AOL Goes Digging for Spammer's Gold
AOL's efforts to seize money from a convicted spammer has led the company to the front yard of a home in Massachusetts. Buried in the earth are gold and platinum bars Davis Wolfgang Hawke purchased with his illicit earnings, AOL believes.
A $12.8 million judgement was won last year against Hawke, but AOL has been unable to locate him and collect the payment. Hawke was reportedly raking in $600,000 per week at his operation's height, and invested the cash in gold and platinum in hopes it would be harder for authorities to take.
Hawke's parents claim the bars are not located on their two-acre property, and plans to fight AOL's plans, which were approved by a judge. The company is preparing to start digging with bulldozers and geological teams. AOL said it will try to be as unobtrusive as possible.

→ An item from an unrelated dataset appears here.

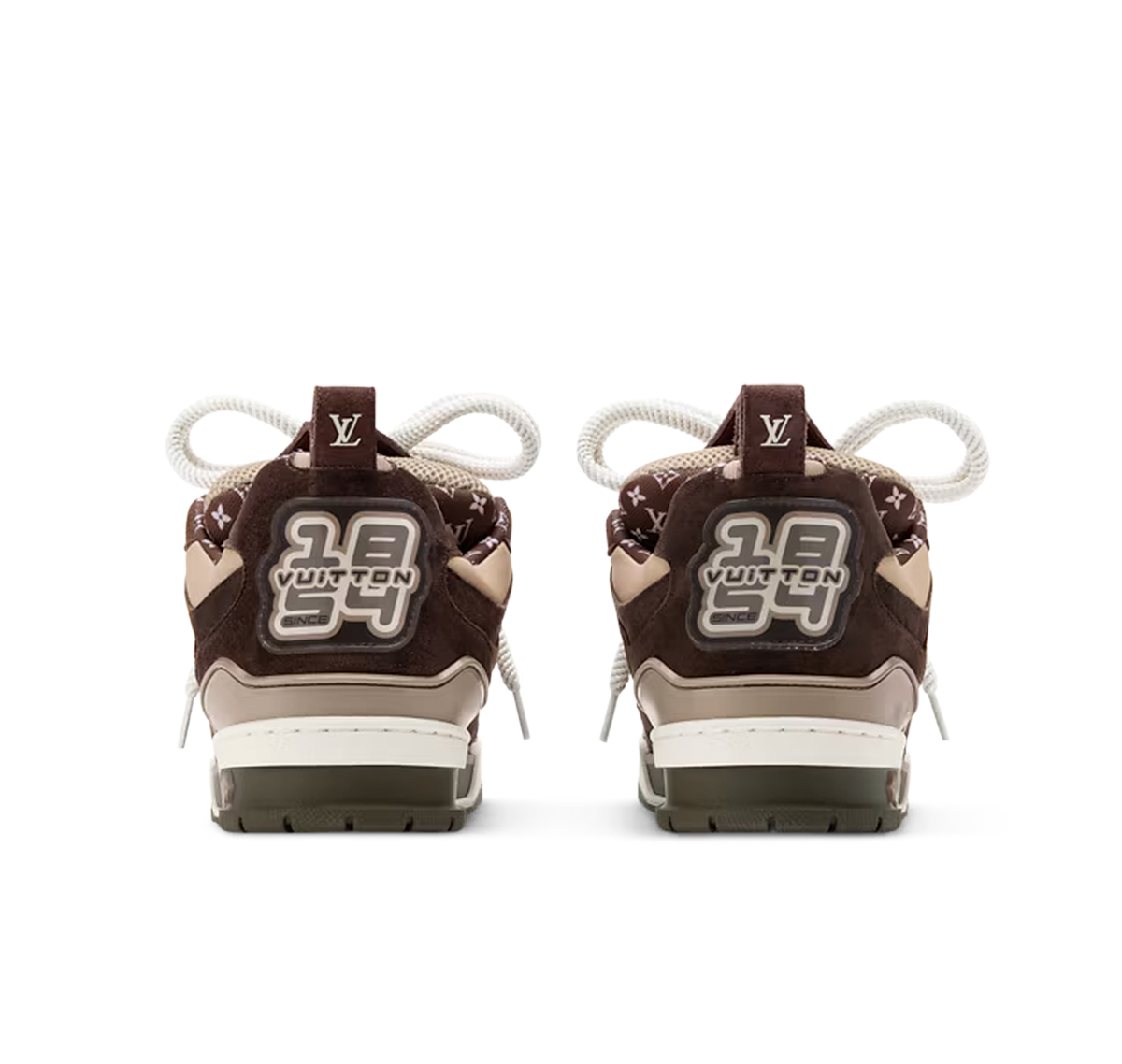 Louis Vuitton Skate Trainer "Mocha Brown"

This isn't the first time AOL has made a spammer pay up. Last year, the company seized a fully-loaded Hummer H2 and nearly $100,000 in cash and gold bars, which it gave away in a contest. AOL claimed that spammer had used 40 computers to send out a million spam e-mails each day.
At a height in 2003, AOL mail servers blocked 2.4 billion spam e-mails each day. That number has since dropped thanks to efforts to fight the problem.
AOL previously issued a terse warning to spammers sending unsolicited mail to the service. "AOL will find you and sue you. And AOL will do everything it can to make sure its members end up with any money you made as a spammer."